Guys, I make jalapeno cheese sticks by grinding my venison or beef 2.5 lbs and 1lb of pork. mix together with the Lem snack stick original mix. Then add two jalapeno's finely chopped, and fold in 8oz of rough cut shredded cheddar cheese. I replace 1/2oz water that the seasoning calls for with liquid smoke. Then let mix set in fridge for a couple hours or overnight. place all in a jerky cannon from LEM products with a 3/8 nozzle. Put 19mm casing on the tube and squeeze into the casing. makes long strands. Put in oven or smoker no higher than 200 degrees and put meat themometer in a link. Bring internal temp to 160 for about 30min and pull out. Let cool to room temperture and then cut into stick size of your liking.


----------



## DA REEL DADDY (Jun 7, 2005)

*1st time at it*

OK, I may of already messed up and should of checked on here again, but we will see.

I mixed half and half deer and pork and did a black pepper garlic seasoning. Was running it outside, like brother bob, next to the ol smokey for the first few hours then brought it in when the drizzle started.

should of just done straight deer meat or a little beef.

A friend at work said he does a split with ground pork, so that is why I tried it.

Anyway let yall know at 0200 hrs.


----------



## DA REEL DADDY (Jun 7, 2005)

Well, after about 6 1/2 hours I pulled them out because they look done and were shrinking up pretty good. They are a little greasy, maybe, because they are still hot. They taste really good. I stuck in the refrigerator and will be snacking on them this week.

Tomorrow I will make my second batch, but teriaki this time. How long should they last in the fridge before y'all think they will go bad?

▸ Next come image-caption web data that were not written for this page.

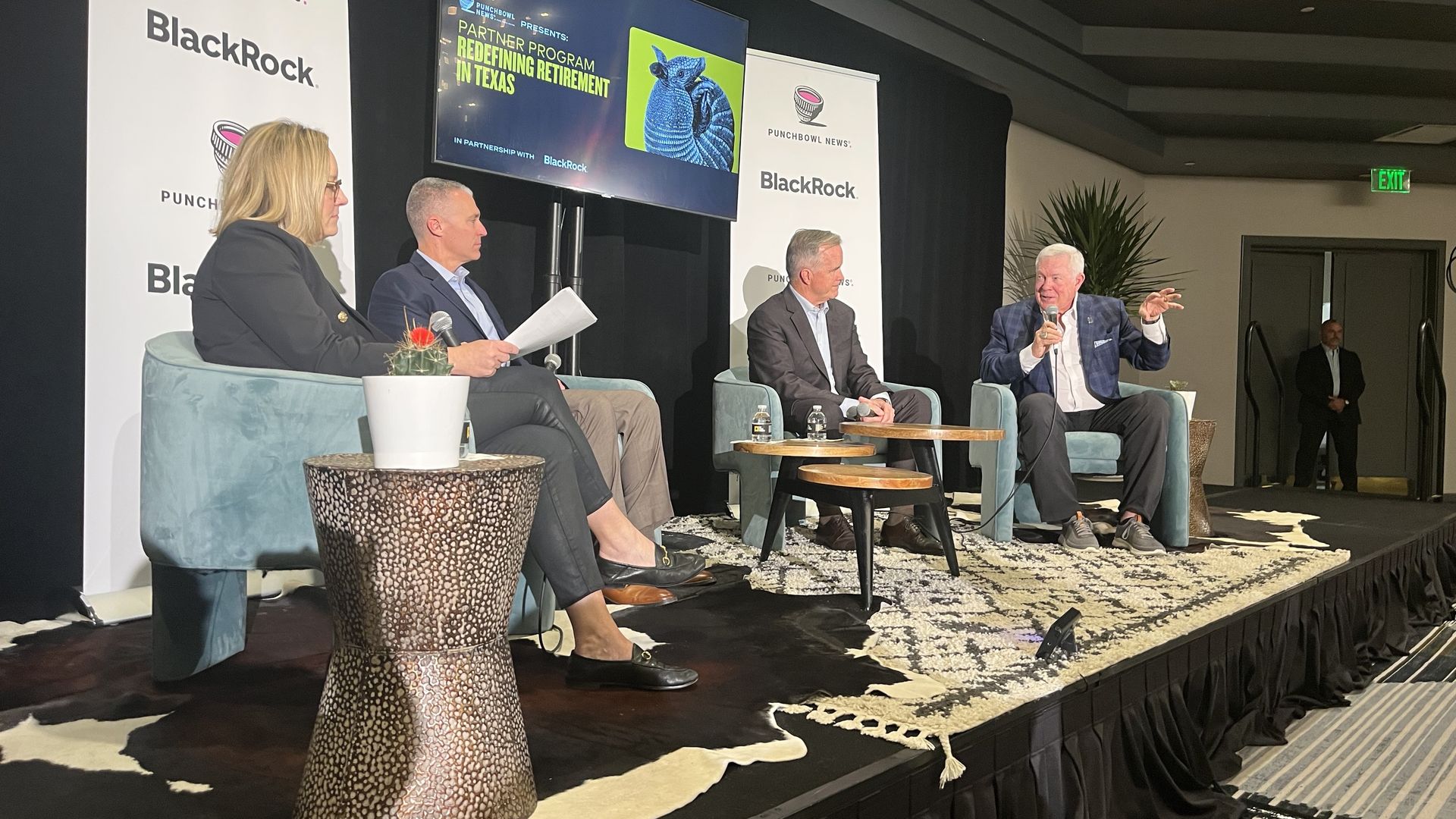 Panel of four people seated on a stage discussing "Redefining Retirement in Texas," with Punchbowl News and BlackRock banners, a screen showing program details, and a small cactus on a side table.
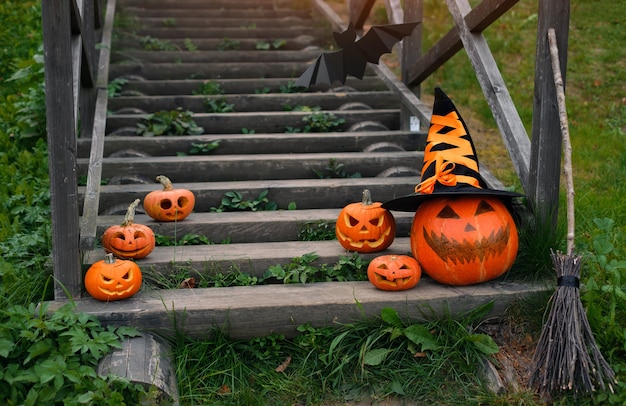 Abóbora com chapéu de bruxa nos degraus da escada em frente à casa no Halloween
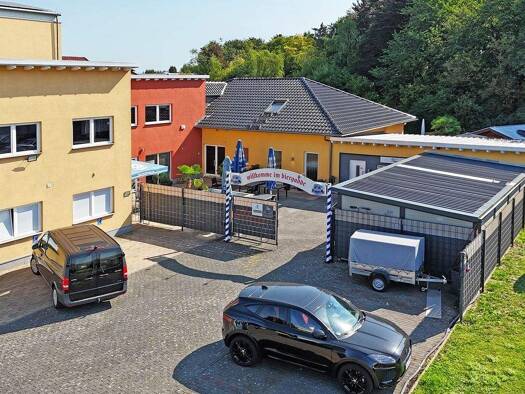 Mehrfamilienhaus zum Kauf 990.000 € 20 Zimmer 518 m² 1.400 m² Grundstück Wölfersheim 61200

Also what is the best cut of beef or steak to make a beef jerky? This is deer and pork logs I made with the jerky gun.


----------



## Brother Bob (Jul 27, 2004)

*Jerky ...*

Dareeldaddy,

Here is some storing instructions I got from a jerky place in Fredriskburg. I only put mine in the freezer if it is vacuum sealed, but once opened according to this it should not be refrigerated.

BB


----------



## BrandonH (Oct 15, 2006)

I have the jerky down, however I am very interested in the little snack sticks. Any step by step instructions? I do have a grinder, but not sure on what meat to mix with the venison or what casings to use. Any help is appreciated.

Thanks,
Brandon


----------



## Greg E (Sep 20, 2008)

I normally smoke/dry my sticks for a 6-8 hours. I bring my internal temperature to about 150. Then I will hang them in the pantry for two or three days. The longer they hang the drier and harder they become. Just depends on how you like them. I don't like fat in my sticks. I use deer meat and add about 30% lean pork. Very little or no fat. If your sticks were greasy cut down on the fat and watch you temperature. Too high of heat and your fat will melt. I also use cure #1 (pink salt) it prevents spoilage, gives the sticks a red color, and adds flavor.

Sent from my SAMSUNG-SM-N900A using Tapatalk


----------



## DA REEL DADDY (Jun 7, 2005)

Thanks for the help Folks. Lol brotherbob boy I was messing up from the git go. I put them in a ziplock bag then fridge.


----------



## PortHoleDiver (Sep 5, 2007)

BrandonH said:


> I have the jerky down, however I am very interested in the little snack sticks. Any step by step instructions? I do have a grinder, but not sure on what meat to mix with the venison or what casings to use. Any help is appreciated.
> 
> Thanks,
> Brandon


Look on page 2 at my post #18. The casings are 19mm mahogany colored collegen casings. They can be bought at Academt or Bass Pro etc. Any other questions PM me and I can walk ya through it. Simple simple.


----------



## DA REEL DADDY (Jun 7, 2005)

Gave some of my buddies at work to sample and they LOVE IT!
They were mad I did not bring more.

When I got home I took the bag of the jerk out of the fridge and put them back in the dehydrator for an hours or so, just to get the fridge moister off it.

I just finished mixing and pumping out the second batch of deer and pork jerk sticks with a Teriyaki blend. I'm just going to run this batch in the house, cause I am fixing to hit the rack and don't want to crank up the Ol Smokey and leave the dehydrator unattended. We have a lot of skunks and possums around here.

Thanks


----------